古河電工は11月5日、東京大学と共同開発する実証実験衛星「ふなで」を2026年10月に打ち上げると発表した。
急速に拡大する宇宙産業市場において、特に低コストかつ短期間で開発可能な小型衛星の量産体制構築と、高度な制御技術の実証を目的とした産学連携プロジェクトが新たな局面を迎えている。
「ふなで」は、東京大学大学院工学系研究科の社会連携講座「小型・超小型衛星におけるビジネスエコシステムの創成」の成果の一つで、4Uサイズ(110×123×499㎜)の超小型衛星(CubeSat)2基で構成される。分離伸展機構により2基が結合・分離可能で、打ち上げ後に宇宙空間で分離し、それぞれのミッションを遂行する点が特徴だ。

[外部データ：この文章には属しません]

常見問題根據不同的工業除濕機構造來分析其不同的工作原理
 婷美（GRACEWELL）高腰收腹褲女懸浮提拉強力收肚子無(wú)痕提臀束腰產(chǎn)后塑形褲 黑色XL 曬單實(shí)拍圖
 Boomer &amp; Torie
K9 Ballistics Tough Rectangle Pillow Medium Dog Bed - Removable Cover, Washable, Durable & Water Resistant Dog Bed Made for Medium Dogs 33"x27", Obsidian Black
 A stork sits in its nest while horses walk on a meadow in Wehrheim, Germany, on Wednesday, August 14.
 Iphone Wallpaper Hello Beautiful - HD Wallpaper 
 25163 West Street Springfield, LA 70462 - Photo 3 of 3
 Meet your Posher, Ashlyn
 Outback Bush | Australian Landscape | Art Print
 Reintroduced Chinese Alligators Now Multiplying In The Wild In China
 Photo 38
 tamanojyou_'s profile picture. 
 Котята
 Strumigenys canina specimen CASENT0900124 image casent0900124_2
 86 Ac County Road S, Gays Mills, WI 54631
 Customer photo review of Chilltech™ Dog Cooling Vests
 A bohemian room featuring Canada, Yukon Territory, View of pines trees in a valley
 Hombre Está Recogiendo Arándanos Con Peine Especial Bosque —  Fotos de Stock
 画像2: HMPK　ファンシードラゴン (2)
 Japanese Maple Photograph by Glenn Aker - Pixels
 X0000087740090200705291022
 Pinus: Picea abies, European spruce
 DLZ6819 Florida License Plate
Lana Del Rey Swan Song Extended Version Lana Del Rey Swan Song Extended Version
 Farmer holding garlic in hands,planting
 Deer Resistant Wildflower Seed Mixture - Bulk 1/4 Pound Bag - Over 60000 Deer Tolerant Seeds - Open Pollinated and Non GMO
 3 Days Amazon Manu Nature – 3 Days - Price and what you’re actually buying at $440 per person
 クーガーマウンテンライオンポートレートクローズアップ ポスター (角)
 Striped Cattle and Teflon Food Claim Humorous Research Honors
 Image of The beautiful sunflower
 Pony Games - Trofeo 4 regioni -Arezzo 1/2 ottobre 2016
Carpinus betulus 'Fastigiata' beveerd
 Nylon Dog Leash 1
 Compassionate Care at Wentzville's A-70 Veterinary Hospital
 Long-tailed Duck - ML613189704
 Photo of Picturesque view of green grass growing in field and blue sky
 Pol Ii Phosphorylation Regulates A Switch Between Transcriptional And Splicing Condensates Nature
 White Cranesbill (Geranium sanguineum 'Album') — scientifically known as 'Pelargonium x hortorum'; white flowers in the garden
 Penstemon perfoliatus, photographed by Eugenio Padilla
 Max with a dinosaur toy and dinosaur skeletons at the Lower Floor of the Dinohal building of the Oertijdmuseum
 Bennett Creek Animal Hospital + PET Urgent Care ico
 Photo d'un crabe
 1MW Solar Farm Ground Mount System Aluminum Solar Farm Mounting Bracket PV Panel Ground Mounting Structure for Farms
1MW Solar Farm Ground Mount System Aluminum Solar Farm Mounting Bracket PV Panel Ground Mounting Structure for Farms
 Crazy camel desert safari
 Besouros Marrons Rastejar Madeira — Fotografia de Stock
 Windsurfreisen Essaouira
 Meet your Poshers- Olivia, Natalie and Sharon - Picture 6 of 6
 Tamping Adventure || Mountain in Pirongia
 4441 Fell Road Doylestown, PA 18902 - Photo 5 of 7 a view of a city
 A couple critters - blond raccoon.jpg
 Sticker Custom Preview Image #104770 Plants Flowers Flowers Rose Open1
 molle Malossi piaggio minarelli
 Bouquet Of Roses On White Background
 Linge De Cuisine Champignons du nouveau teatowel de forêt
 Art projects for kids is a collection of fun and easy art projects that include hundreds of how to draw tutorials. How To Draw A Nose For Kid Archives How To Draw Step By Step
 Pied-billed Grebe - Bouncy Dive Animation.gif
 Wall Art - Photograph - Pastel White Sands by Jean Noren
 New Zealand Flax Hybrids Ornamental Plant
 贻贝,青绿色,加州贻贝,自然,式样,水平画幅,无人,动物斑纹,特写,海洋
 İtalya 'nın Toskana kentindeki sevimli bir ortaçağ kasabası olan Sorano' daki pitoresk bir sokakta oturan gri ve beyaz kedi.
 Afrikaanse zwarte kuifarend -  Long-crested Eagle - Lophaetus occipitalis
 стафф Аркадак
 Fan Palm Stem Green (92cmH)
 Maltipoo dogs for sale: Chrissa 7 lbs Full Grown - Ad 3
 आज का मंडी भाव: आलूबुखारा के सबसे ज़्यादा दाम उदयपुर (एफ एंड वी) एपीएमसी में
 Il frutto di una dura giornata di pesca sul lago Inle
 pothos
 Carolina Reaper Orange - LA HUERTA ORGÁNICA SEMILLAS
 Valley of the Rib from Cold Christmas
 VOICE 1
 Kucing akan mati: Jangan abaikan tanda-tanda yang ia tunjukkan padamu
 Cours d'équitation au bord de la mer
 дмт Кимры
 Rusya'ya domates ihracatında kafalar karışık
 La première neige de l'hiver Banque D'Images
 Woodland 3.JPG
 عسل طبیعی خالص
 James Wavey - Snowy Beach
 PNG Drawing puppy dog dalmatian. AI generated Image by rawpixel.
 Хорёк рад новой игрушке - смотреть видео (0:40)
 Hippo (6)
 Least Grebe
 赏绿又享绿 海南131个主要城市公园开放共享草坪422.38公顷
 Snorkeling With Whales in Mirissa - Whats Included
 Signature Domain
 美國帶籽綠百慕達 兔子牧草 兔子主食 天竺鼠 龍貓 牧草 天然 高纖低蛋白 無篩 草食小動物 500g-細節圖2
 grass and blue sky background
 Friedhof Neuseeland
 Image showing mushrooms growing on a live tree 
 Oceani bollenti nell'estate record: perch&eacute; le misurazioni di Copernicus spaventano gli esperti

ミッション期間は2027年10月までの1年間を予定しており、取得されるデータは次世代の宇宙ビジネス基盤の構築に活用される。
古河電工は、自社製コンポーネントの宇宙環境下での信頼性検証を重視する。搭載されるのは、熱源から放熱部へ熱を効率的に移動させる「ヒートパイプモジュール」、軽量で高強度・高導電性を両立する高耐久アルミ合金線「EFDURAL(エフジュラル)」、高速通信を可能にするSバンド送受信機、オンボードコンピュータ(OBC)などで、いずれも今後の小型衛星量産化において重要なデバイスとなる。
一方、東京大学は複数衛星が互いの位置や姿勢を精密に制御し、連携して一つの巨大システムとして機能する「フォーメーションフライト」技術の基礎実証を行う。GPS受信機やレーザセンサを用い、数百mから数㎞離れた衛星間で協調動作することで、単体衛星では困難な大型望遠鏡並みの観測精度を可能にする。この実証により、将来の衛星コンステレーション技術の実現に向けた基礎データを取得する。
両者は、古河電工の素材力と東京大学の最先端システム技術の融合により、安定的で効率的な衛星製造体制を検証する方針だ。